● **Given records**:

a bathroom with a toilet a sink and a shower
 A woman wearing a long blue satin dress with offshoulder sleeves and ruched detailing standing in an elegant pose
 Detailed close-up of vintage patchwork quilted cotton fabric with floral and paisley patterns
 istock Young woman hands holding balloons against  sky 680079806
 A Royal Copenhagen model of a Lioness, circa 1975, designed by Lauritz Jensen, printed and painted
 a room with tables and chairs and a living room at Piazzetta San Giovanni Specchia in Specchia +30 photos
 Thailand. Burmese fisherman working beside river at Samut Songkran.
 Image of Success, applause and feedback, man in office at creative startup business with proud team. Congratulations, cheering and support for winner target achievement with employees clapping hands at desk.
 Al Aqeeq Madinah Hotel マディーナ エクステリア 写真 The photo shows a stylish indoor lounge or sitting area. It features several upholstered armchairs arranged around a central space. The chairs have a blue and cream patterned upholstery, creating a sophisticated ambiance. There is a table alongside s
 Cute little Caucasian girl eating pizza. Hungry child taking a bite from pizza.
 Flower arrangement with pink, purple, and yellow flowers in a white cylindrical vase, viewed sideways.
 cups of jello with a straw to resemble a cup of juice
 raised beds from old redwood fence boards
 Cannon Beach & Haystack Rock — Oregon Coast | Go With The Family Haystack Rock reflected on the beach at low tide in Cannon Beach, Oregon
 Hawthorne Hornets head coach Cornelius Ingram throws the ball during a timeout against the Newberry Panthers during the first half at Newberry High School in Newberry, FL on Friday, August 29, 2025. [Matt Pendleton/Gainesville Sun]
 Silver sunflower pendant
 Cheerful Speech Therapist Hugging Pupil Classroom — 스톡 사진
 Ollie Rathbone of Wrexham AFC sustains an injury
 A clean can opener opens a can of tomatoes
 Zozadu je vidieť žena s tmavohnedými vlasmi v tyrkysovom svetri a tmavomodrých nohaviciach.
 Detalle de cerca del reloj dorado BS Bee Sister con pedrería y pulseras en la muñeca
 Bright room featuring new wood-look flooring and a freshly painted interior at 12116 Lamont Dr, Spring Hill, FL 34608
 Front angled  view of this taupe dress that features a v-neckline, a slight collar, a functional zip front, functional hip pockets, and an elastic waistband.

● **Instructions to follow**: In the entries above, find the line containing "Detalle de cerca". Set down that line and every line after it through the last one, exactly and alone.

● **Answer to this task**:
 Detalle de cerca del reloj dorado BS Bee Sister con pedrería y pulseras en la muñeca
 Bright room featuring new wood-look flooring and a freshly painted interior at 12116 Lamont Dr, Spring Hill, FL 34608
 Front angled  view of this taupe dress that features a v-neckline, a slight collar, a functional zip front, functional hip pockets, and an elastic waistband.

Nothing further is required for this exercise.